ベルンシュタインの定理

集合論ベルンシュタインの定理という定理がある。
カントール対角線論法と並んで集合論の基本的な定理である。

AからBへの単射 f と、BからAへの単射 g が存在するとき、AとBには1対1対応h が存在する。すなわち、AとBの基数(濃度)が等しい。

諸定義:

  • fが集合Aから集合Bへの写像であるとは、各a∈A(Aの要素a)に対して、b∈B(Bの要素b)が定まることをいう。この時bをf(a)と表す。また、{f(a)|a∈A}をfによるAの像といい、f(A)で表す。
  • AからBへの写像fが単射であるとは、 f(x) = f(y) の時、必ず x = y となることをいう。
  • AからBへの写像fが全射であるとは、どんな b∈B に対しても、 a∈A があって f(a) = b となる。つまり、f(A) = B である。
  • AからBへの写像fが1対1対応(全単射)であるとは、fが単射でかつ全射であることをいう。
  • AからBへの1対1対応(全単射)fが存在するときAとBは基数(濃度)が等しいという。
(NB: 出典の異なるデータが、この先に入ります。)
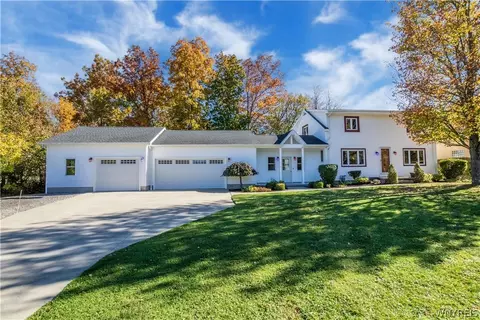 5907 Dover Rd, Lake View, NY 14085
[Link]「ベルンシュタインの定理 - Wikipediahttp://ja.wikipedia.org/wiki/%E3%83%99%E3%83%AB%E3%83%B3%E3%82%B7%E3%83%A5%E3%82%BF%E3%82%A4%E3%83%B3%E3%81%AE%E5%AE%9A%E7%90%86
Wikipediaに簡潔な証明があるが、あえてここでも証明してみる。

  1. AからBへの単射 f と、BからAへの単射 g により 全単射 h を構成すればよい。
  2. まず、Ag(B)A - g(B)に分けられる。
  3. g(f(A-g(B)))gf(A-g(B))と書く。つまり、gfというAからAへの単射を考える。
  4. gfgf...gf(A-g(B))A - g(B)の要素全体を繰り返し任意回gfで写した像である。
  5. この時、gfの適用回数が違うgfgf...gf(A-g(B))同士は共通要素を持たない。なぜならA-g(B)g(B)と共通要素を持たず、1回でもgfを適用した場合g(B)に含まれ gf単射であるからである。
  6. ここで、Aにおけるgfgf...gf(A-g(B))の要素aに対してはh(a)=f(a)とする。
  7. それ以外のAの要素 aA - g(B) の要素ではないので g(B) に含まれる。つまり、あるBの要素bが存在して g(b) = a となる。ここで h(a) = b と定義する。この場合に、さらにgfgf...gf(A-g(B))の要素cに対しても f(c) = b とすると、gf(c) = g(b) = a となり、agfgf...gf(A-g(B))に含まれていないことに矛盾する。
  8. よって、h単射である。
  9. Bにおいてfgfgf...gf(A-g(B))となる要素bに対して、gfgf...gf(A-g(B))の要素aがあり、h(a) = bとなる。
  10. それ以外の要素bに関しては、g(b)gfgf...gf(A-g(B))には含まれないはずだから、h(g(b))=bとなる。
  11. よって、h全射である。